On top of denying him any opportunity to mount a defence, Judge Breyer also
told the jury that they had no discretion in deciding whether Rosenthal was
guilty. If he had grown the plants - and he clearly had - then they were
obliged to convict him, even in the knowledge that his crimes carried a
minimum sentence of 40 years behind bars. The five rebel jurors now believe
that they were misled on that point, too. Jury nullification - the power to
acquit a defendant if the government's position seems unjust - is enshrined
in the Sixth Amendment, which characterises the jury as "the conscience of
the community".

What Rosenthal's case shows is how the government's War on Drugs - rather
like the analogous war on terrorism - can be used as an excuse to ride
roughshod over every conceivable provision of the criminal-justice system,
even the right of defendants to give their side of the story in court.

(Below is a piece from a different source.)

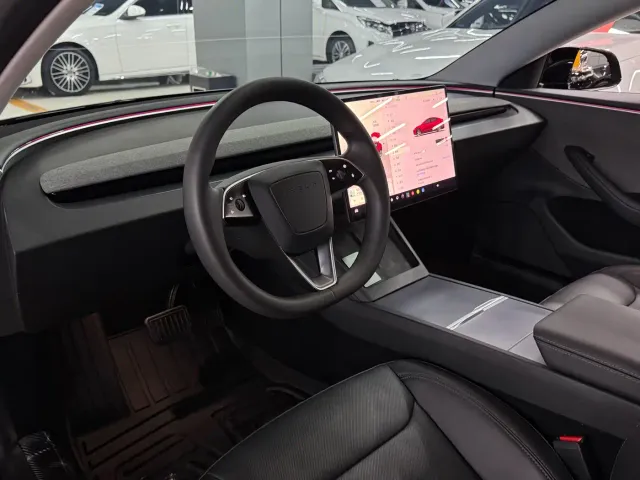 Tesla Model 3 — Фото автомобиля 8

As such, it stands as a cautionary tale to any country tempted, like the
US, to take the hardline law-enforcement route on a soft drug. As Rosenthal
writes in his latest book: "No law should be more harmful than the
behaviour it seeks to regulate."

There are signs that the Bush administration has seriously overreached.
Several Californian cities have passed resolutions urging police not to
co-operate with DEA and FBI raids on medical marijuana facilities. It may
all end up in the Supreme Court in Washington. Until then, Ed Rosenthal and
his band of supporters will fight on. "These laws are going to come down,"
he vows, "and this case will be a part of it."